Predicting the inhibition efficiencies of magnesium dissolution modulators using sparse machine learning models

The degradation behaviour of magnesium and its alloys can be tuned by small organic molecules. However, an automatic identification of effective organic additives within the vast chemical space of potential compounds needs sophisticated tools. Herein, we propose two systematic approaches of sparse feature selection for identifying molecular descriptors that are most relevant for the corrosion inhibition efficiency of chemical compounds. One is based on the classical statistical tool of analysis of variance, the other one based on random forests. We demonstrate how both can-when combined with deep neural networks-help to predict the corrosion inhibition efficiencies of chemical compounds for the magnesium alloy ZE41. In particular, we demonstrate that this framework outperforms predictions relying on a random selection of molecular descriptors.
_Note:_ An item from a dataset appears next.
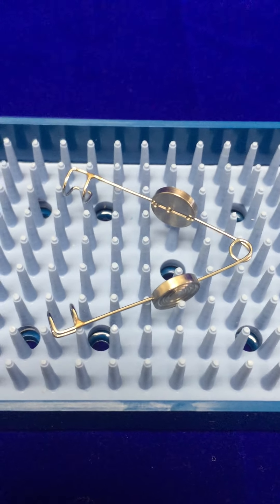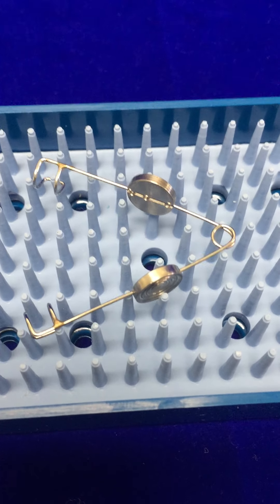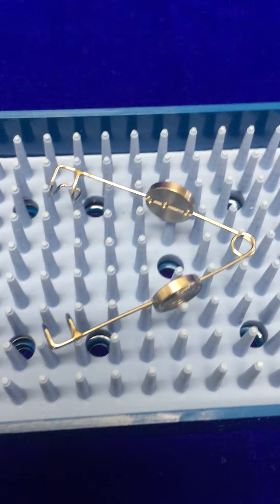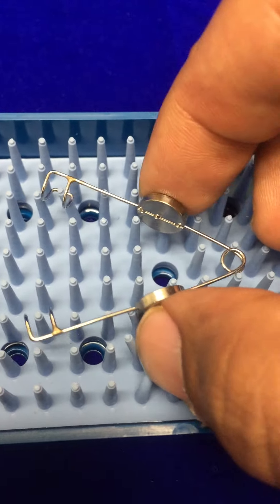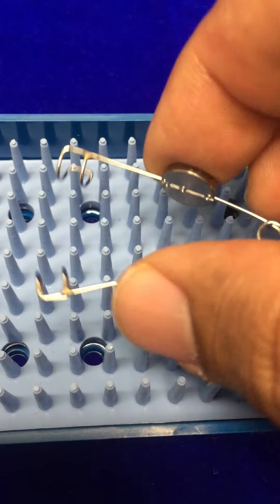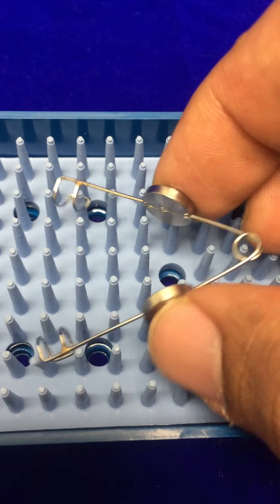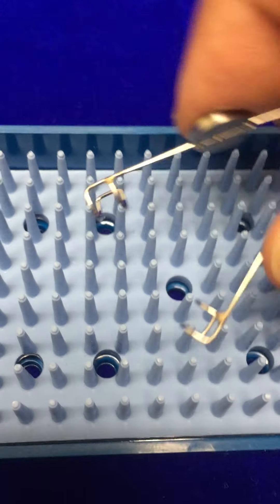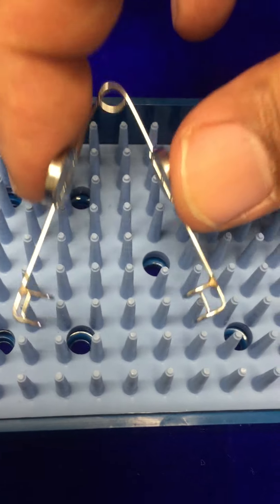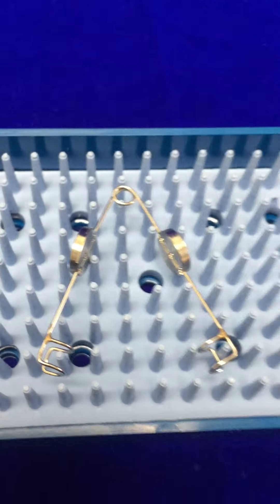This is a lid speculum with a 5mm blade. As you can see, it has two little buttons here that will help you hold the speculum, and the lids are 5mm.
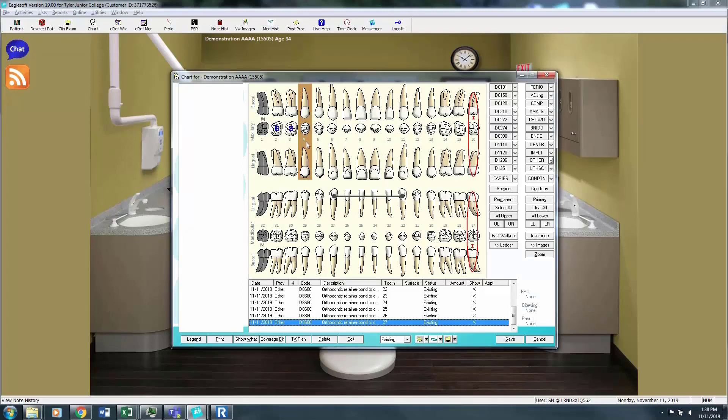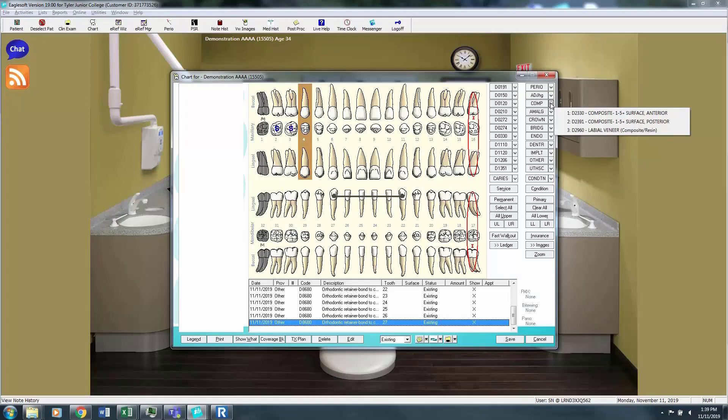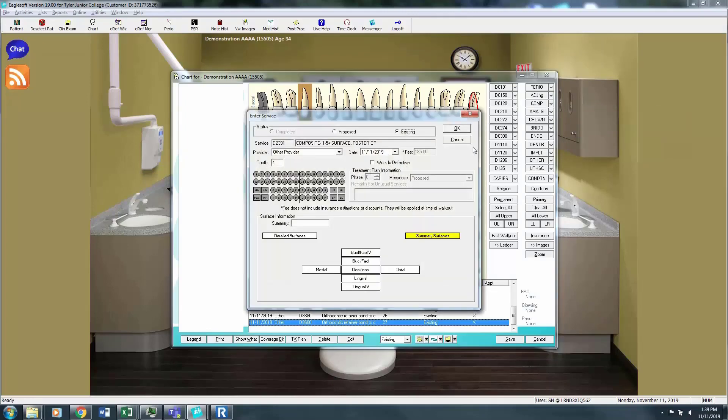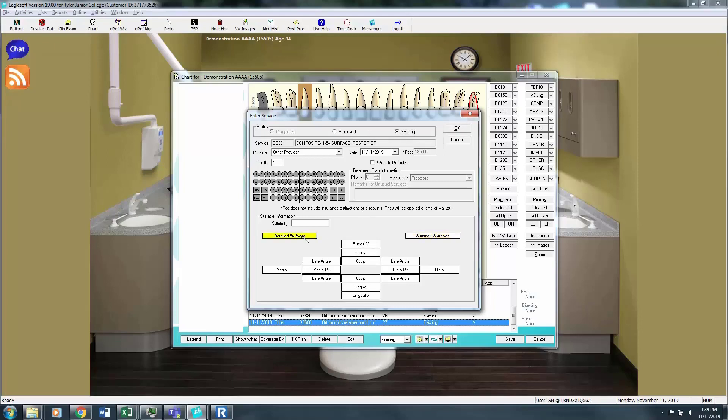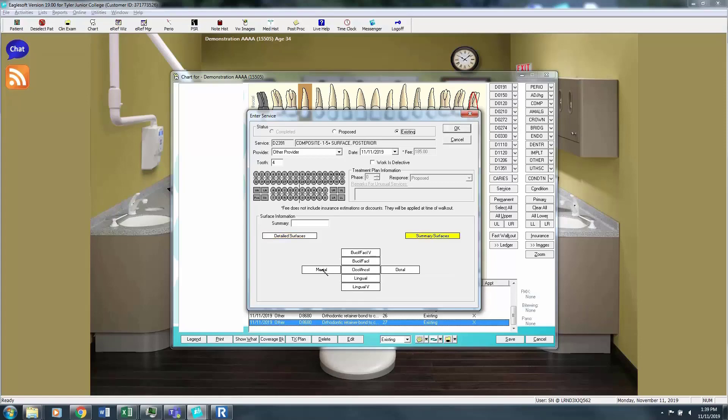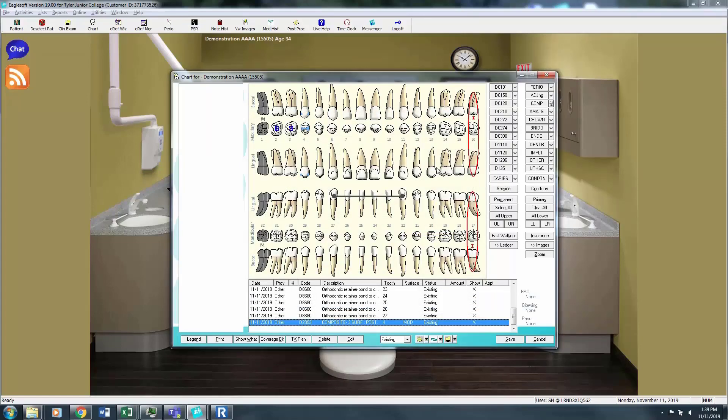Alright, now let's play with each one of the tabs. We're going to say tooth number 4 has a composite. So I'm going to choose that that is a posterior tooth. And here I get to choose, am I proposing treatment, which we do not do here at TJC, or is this treatment existing? Click detailed surfaces and see how detailed you can get with the fillings. Ideally we have the filling looking exactly like it does in the patient's mouth. So we're going to say tooth number 4 has an MOD existing.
Finally, we point out how autoencoders could be used in the future to enable even more accurate automated predictions of corrosion inhibition efficiencies.

Automated summary

The article proposes two systematic approaches for identifying molecular descriptors most relevant for the corrosion inhibition efficiency of chemical compounds using sparse feature selection, one based on analysis of variance and the other on random forests. Both combined with deep neural networks can predict the corrosion inhibition efficiencies, outperforming predictions relying on random selection of molecular descriptors. Autoencoders could be used in the future to enable even more accurate automated predictions of corrosion inhibition efficiencies.